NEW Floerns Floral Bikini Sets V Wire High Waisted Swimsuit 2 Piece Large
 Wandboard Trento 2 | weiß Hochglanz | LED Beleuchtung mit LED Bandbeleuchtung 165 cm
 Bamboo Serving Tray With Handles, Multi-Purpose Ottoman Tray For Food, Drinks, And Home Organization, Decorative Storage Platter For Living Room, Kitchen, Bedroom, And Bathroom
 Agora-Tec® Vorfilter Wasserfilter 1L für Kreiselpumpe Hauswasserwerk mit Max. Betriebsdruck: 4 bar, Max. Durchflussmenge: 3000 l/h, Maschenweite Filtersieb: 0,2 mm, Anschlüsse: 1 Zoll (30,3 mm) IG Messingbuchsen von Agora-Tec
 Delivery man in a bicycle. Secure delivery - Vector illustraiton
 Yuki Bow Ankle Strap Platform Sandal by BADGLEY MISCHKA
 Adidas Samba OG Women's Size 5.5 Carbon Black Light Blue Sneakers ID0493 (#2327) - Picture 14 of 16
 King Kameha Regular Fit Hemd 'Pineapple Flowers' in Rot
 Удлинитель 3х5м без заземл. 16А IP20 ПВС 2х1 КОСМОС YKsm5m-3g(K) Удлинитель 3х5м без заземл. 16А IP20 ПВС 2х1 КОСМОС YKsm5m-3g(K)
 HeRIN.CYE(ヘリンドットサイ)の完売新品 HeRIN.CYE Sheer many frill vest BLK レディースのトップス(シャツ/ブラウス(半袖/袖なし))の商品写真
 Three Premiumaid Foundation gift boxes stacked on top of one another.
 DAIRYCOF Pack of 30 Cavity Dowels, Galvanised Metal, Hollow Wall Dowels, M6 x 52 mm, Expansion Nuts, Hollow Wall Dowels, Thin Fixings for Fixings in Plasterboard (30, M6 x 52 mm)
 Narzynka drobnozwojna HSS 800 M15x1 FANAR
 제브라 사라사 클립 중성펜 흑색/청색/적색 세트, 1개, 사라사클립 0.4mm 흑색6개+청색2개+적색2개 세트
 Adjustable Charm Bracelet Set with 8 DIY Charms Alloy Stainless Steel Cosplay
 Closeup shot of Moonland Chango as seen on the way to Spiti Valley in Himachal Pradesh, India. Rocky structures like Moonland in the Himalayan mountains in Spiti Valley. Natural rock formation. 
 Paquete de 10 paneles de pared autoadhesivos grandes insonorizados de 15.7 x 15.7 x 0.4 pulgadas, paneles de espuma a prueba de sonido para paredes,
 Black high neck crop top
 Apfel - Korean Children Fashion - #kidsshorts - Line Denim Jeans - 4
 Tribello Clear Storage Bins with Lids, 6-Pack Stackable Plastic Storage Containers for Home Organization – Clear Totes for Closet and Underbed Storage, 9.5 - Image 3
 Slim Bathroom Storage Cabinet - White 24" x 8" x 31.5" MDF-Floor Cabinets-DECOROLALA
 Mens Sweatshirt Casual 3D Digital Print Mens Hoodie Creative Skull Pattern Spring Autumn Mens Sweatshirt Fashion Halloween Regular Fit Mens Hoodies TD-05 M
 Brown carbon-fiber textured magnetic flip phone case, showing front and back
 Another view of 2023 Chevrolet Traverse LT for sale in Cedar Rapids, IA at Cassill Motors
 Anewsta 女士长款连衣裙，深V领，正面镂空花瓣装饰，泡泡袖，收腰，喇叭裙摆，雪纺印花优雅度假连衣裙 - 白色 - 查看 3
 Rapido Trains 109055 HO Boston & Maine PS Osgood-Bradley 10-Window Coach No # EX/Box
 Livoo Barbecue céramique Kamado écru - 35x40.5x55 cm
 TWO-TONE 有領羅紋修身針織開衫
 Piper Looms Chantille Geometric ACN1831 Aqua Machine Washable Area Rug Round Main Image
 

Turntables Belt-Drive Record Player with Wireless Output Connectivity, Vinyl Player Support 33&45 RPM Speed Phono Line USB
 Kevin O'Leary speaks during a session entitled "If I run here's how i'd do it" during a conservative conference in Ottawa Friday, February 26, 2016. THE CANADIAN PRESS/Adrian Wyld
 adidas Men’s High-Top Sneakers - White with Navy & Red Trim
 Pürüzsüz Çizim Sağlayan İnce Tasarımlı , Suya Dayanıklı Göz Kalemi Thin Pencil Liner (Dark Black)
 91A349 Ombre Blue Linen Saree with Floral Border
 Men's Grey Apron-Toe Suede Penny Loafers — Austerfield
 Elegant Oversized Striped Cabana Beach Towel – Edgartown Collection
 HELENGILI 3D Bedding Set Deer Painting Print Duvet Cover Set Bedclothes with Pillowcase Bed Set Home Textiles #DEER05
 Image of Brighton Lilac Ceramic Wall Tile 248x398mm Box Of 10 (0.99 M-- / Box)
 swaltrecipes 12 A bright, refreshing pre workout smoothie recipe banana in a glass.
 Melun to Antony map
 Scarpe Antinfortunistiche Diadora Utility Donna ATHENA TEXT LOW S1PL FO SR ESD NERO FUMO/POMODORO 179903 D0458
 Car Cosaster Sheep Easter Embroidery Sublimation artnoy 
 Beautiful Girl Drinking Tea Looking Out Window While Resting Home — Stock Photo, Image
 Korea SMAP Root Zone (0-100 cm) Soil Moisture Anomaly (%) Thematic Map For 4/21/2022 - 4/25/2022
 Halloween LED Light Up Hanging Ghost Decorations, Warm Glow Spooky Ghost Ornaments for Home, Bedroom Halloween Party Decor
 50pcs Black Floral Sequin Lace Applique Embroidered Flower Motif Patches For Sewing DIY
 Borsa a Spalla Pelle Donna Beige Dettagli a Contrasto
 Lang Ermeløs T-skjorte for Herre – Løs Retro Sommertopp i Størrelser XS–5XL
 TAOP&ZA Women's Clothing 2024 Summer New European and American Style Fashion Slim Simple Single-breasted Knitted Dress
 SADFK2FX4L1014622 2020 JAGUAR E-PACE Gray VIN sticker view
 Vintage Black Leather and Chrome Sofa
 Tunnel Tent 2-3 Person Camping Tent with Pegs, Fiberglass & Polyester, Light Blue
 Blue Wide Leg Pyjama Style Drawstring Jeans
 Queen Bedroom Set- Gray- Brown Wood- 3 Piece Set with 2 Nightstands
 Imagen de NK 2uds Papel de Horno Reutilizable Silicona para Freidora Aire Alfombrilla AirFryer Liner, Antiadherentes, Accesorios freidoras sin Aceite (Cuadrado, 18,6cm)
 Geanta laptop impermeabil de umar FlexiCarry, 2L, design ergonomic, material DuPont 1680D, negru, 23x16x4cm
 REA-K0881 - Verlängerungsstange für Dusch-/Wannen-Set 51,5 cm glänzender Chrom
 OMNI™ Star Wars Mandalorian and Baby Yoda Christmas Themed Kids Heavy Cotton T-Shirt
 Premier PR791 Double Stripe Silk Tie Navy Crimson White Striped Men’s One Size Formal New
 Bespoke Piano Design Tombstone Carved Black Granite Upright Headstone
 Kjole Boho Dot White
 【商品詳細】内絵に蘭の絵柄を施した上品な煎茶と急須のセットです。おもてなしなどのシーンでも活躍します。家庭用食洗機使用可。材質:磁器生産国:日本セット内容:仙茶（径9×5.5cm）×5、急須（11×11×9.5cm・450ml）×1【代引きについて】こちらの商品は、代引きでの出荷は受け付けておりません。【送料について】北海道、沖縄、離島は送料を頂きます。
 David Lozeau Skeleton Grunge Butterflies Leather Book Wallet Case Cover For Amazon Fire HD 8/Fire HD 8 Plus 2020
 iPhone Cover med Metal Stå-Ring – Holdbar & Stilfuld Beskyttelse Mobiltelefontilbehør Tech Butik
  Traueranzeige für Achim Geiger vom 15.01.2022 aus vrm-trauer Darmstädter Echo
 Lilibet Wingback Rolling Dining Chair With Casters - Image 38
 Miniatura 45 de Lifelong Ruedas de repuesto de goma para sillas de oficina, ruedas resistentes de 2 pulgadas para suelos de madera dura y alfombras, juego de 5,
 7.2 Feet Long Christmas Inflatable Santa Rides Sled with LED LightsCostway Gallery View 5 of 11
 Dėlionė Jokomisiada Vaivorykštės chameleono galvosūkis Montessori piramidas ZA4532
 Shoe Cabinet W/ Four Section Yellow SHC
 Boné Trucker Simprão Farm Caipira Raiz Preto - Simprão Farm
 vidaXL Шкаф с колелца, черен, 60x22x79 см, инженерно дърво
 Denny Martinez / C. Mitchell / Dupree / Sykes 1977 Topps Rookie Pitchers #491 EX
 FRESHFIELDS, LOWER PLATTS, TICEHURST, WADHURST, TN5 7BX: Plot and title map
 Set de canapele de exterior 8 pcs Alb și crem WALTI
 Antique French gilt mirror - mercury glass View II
++++++++
• To do
Print exactly the lines between the line with "Set de canapele" and the final line of the records above, both included.

• Task response
 Set de canapele de exterior 8 pcs Alb și crem WALTI
 Antique French gilt mirror - mercury glass View II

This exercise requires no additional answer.